Interactive: Using qsub -I on the command line

  • You can grab a couple of interactive nodes from PBS. Options that are used in this section can be applied in a non-interactive scenario. PBS options are explained below in the Useful Commands to check status... section.

    For example, to get 2 nodes, 2 processors per node, for 2 hours, you should do:

    [ag@bh2 agopu]$ qsub -I -l nodes=2:ppn=2 -l walltime=2:00:00
    <<---- Try doing this!
    You can expect to see a message like this:

    qsub: waiting for job 281988.aviss.avidd.iu.edu to start
    qsub: job 281988.aviss.avidd.iu.edu ready
    Following that, PBS will try to find and assign free compute nodes. Notice the change in Unix prompt from bhX to bcXX (in the example shown, from bh2 to bc56). This indicates that you are interactively logged in to a compute node; the prompt will default to your home directory.
    [ag@bc56 agopu]$ 
    As explained in the Login to AVIDD using SSH section, compute nodes on AVIDD are named bcXX or icXX where XX is a number between 01 and 92.
  • If you want to know what nodes have been allocated to your job, then you can find that information in a file pointed to by environment variable $PBS_NODEFILE.
    [ag@bc56 agopu]$ cat $PBS_NODEFILE
    <<---- Try doing this!

    bc56
    bc53
    bc56
    bc53 

    Note: If you attend the Parallel Programming workshop and run example MPI code, you'll realize that each process' rank is determined by the order of the nodes in $PBS_NODEFILE.

  • Once you get a bunch of nodes to work on, you can run your jobs on the new command prompt (that's on a compute node).

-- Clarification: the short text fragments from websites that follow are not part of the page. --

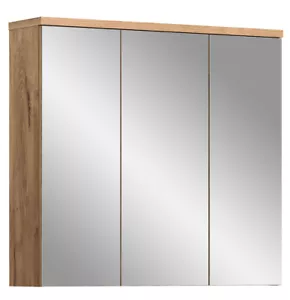 xonox.home Spiegelschrank Badspiegel Spiegel Badschrank Grado Nox Oak 75x80x20cm - Bild 1 von 6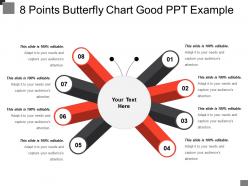 8 points butterfly chart good ppt example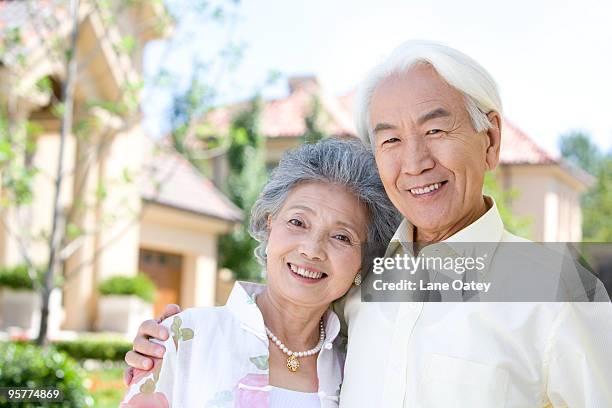 portrait of senior couple - stereotypically upper class stock pictures, royalty-free photos & images
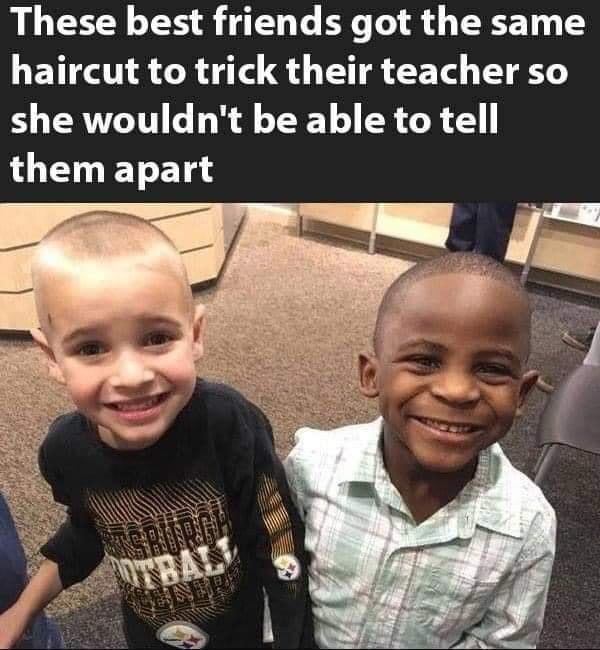 These best friends got the same haircut to trick their teacher so she wouldnt be able to tell them apart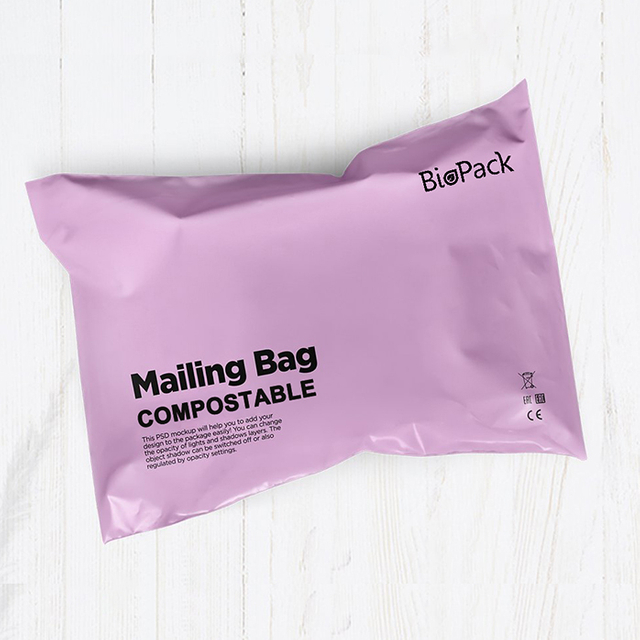Bedruckte Versandtaschen aus biologisch abbaubarem Kunststoff mit einfachem Design für Kleidung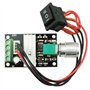 Yosoo 6 V 24 V DC 12 V 3A Régulateur De Vitesse Moteur PWM De Commande De Moteur De Vitesse Réglable Interrupteur Réversible Rég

Non-Interactive: Using a PBS job submission script

  • Apart from running jobs interactively as explained in the previous sub-section, the other way (and more commonly used way for production code) you can run jobs on compute nodes is non-interactively. If you recall, you already tried doing that in the Submit Job(s) to PBS section within the Submit Simple Jobs on AVIDD (Using PBS Job Manager) section.

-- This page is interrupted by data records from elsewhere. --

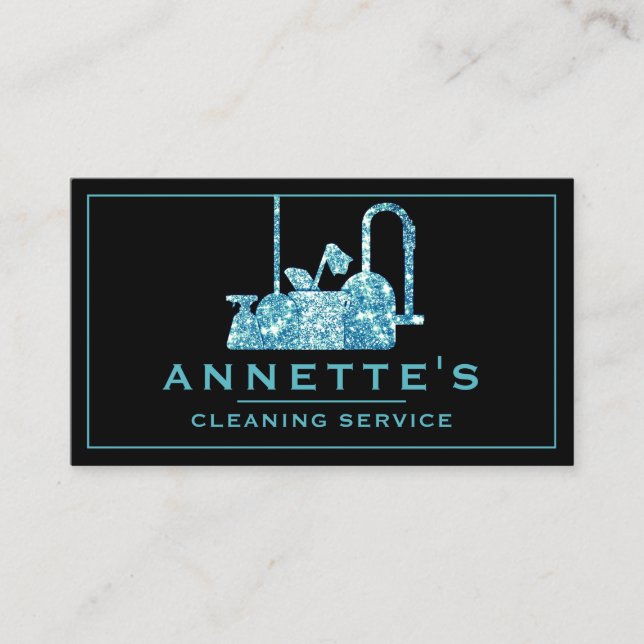 High end style cleaning inspired  business card (Front)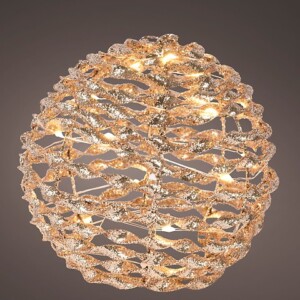 SFERA CON LUCI LED CALDE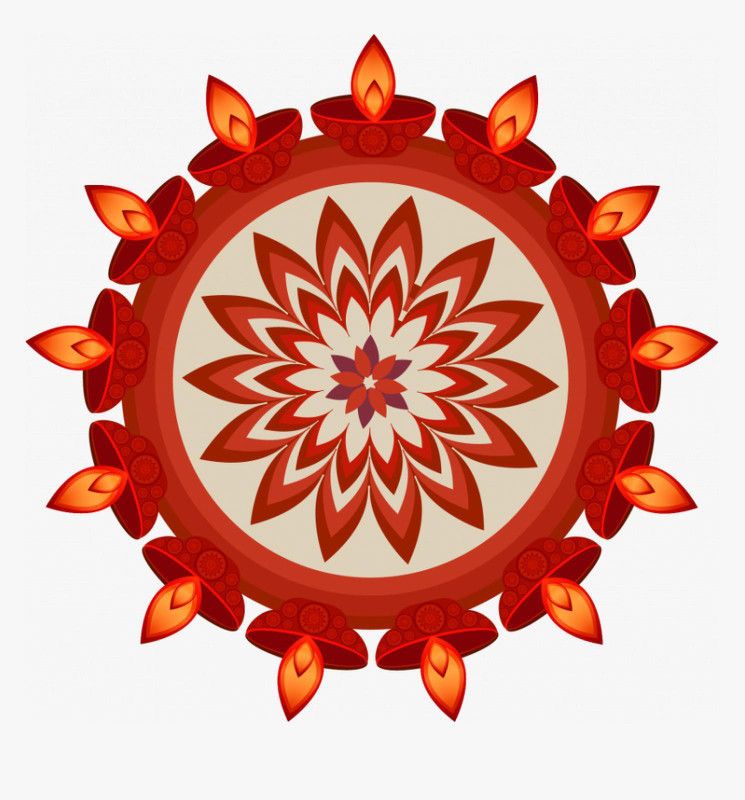 MADHUBAN DEOCR 58 cm Multicolor Rangoli Floor Sticker For Home Décor Self Adhesive Sticker  (Pack of 1)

    The idea is that once you are done with (initial) interactive debugging activities, you can use a non-interactive mechanism to submit your jobs. PBS, along with the Maui scheduler, will schedule your job and assign free nodes to it.

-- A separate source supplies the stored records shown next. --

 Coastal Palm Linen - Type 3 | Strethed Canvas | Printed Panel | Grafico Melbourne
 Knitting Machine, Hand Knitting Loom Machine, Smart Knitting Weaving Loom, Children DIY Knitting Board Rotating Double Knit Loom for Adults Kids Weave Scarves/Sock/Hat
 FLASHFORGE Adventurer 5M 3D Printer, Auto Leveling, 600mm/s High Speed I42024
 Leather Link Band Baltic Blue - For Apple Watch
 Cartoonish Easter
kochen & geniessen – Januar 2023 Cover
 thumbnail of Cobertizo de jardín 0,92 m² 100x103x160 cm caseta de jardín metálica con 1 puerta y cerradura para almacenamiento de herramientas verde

  • One thing to remember with regard to non-interactive job submission is the fact that console output is written to an output and an error file as explained in the Output and Error Files sub-section of the Submit Simple Jobs on AVIDD (Using PBS Job Manager) section.


Important PBS options

  • We will look at some useful directives (flags) that can passed on to PBS. All directives to PBS job scripts (non-interactive job submission) begin with #PBS.

    Note: All PBS flags can be used at the command prompt as well without the #PBS. For example, to export the current working environment to your job, you can use -V at the command prompt when you do qsub -I.

  • The -l flag to PBS can be used to specify resource requirements and the like. For example, we have requested for 2 nodes, 2 processors in each of those nodes and a wall clock time of 3 hours for our interactive job (and 10 minutes in the case of our non-interactive job script).

  • The -q flag is used to specify the queue you want the job to be run on; PBS allows use of multiple queues -- for instance, sys-admins may have multiple queues to segregate nodes. The default queue is bg if you submit jobs after logging on to avidd-b.iu.edu while the default queue is iq if you submit jobs after logging on to avidd-i.iu.edu. Thus, if you want to run jobs on compute nodes in the -I cluster (i.e. nodes in Indianapolis) and you're logged on to avidd-b.iu.edu, then you will need to use -q iq to indicate that.

    #PBS -q iq 

    Note: There is also a fastq queue available from time to time for short interactive jobs (10-30 mins, 2 nodes).

  • The -M flag is used to specify an email address to which messages will sent when a job begins/ends/aborts. Whatever you specify in the PBS script will override the address in your ~/.forward file.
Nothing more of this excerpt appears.